Por conseguinte, ele não é apenas impotente na luta contra o inimigo - o pecado que habita em si - mas ele fica ainda pior no conflito, e é subjugado; fica totalmente nas garras e sob o poder de seu adversário. Mesmo assim ele agora aprendeu que o "pecado", a carne, é seu inimigo, e que ele tem prazer na lei de Deus segundo o homem interior. E esta, amado leitor, é uma feliz descoberta; a falta disso fez com que, em todas as épocas, muitas almas piedosas fossem mantidas gemendo sob a servidão, e escrevessem coisas amargas acerca de si mesmas, por suporem ser essa a experiência pela qual lhes era necessário passar por todos os dias de suas vidas.

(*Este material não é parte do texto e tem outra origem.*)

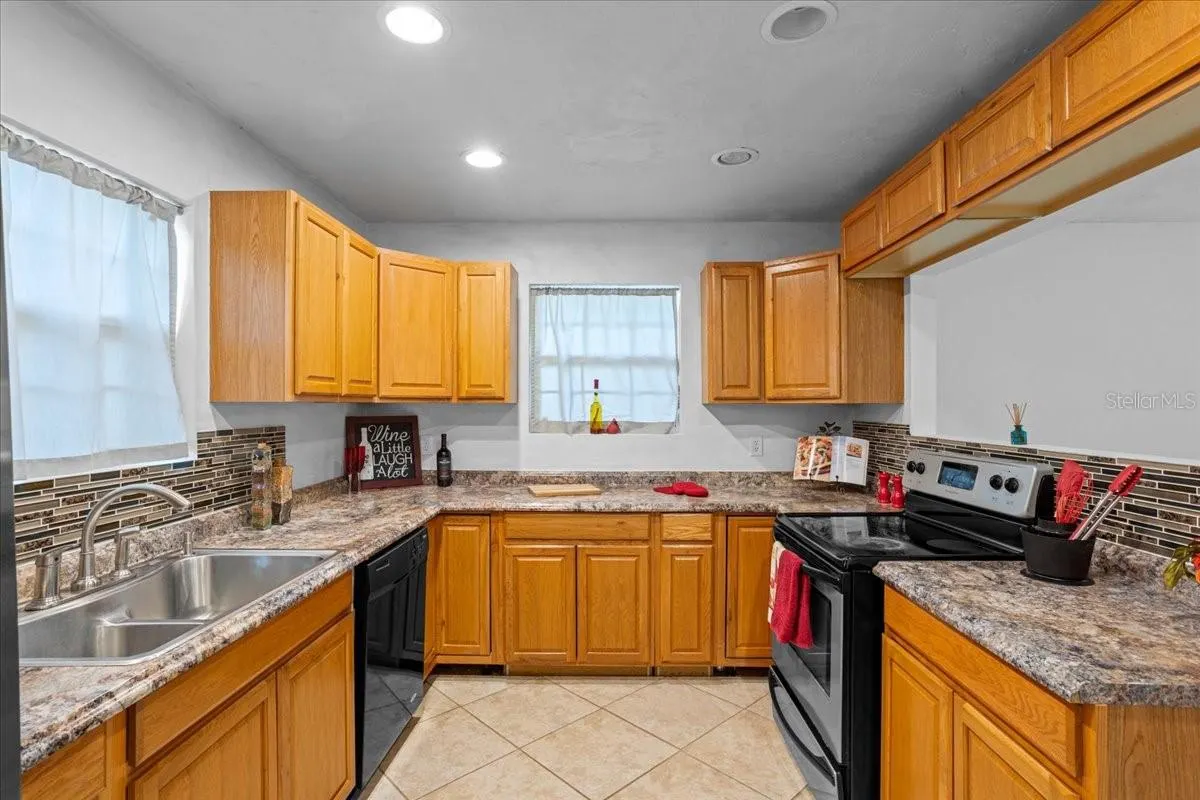 115 NE 48TH ST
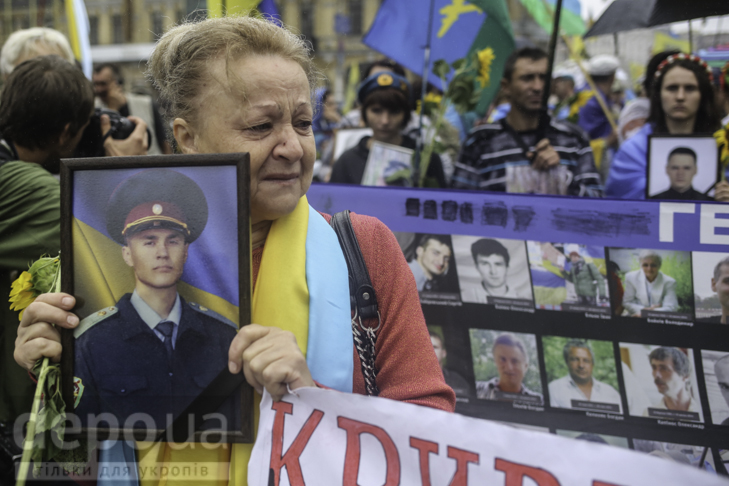 Інший парад: Як центром Києва йшли матері загиблих в АТО військових - фото 2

Um exemplo disto são os diários publicados de alguns dos mais devotos servos do Senhor, diários esses que, de um modo geral, não passam de uma auto-análise e uma autocondenação que brota da ocupação com o eu - ao invés de ocuparem-se com Cristo - no vão esforço de erradicarem o mal encontrado dentro de seus próprios corações. E frequentemente culminam na seguinte questão: Se somos filhos de Deus, por que é que acontece isto conosco? Ah! como acontece com muitas pessoas, eles não leram direito Romanos 7; e disso advém que, embora tenham tido seus momentos de gozo na presença e favor de Deus, esses momentos foram alternados com períodos das mais densas trevas e depressão.

Trata-se, portanto, de um bendito ganho quando tomamos conhecimento de que temos duas naturezas, e aprendemos a fazer distinção entre elas. E é ainda mais bendito quando somos levados, em meio às nossas lutas e conflitos, naquilo que compete a nós, a uma irremediável escravidão à lei do pecado que está em nossos membros. É uma experiência dolorosa, porém necessária, pois após passarmos por ela aprendemos a nos colocar a nós mesmos de lado. Por assim dizer, o fim de toda a carne é chegado para nós, como há muito tempo já chegou para Deus; e sabemos agora que é vão o socorro do homem (do eu), que estamos totalmente impotentes e, ai! à mercê de nosso inimigo interno.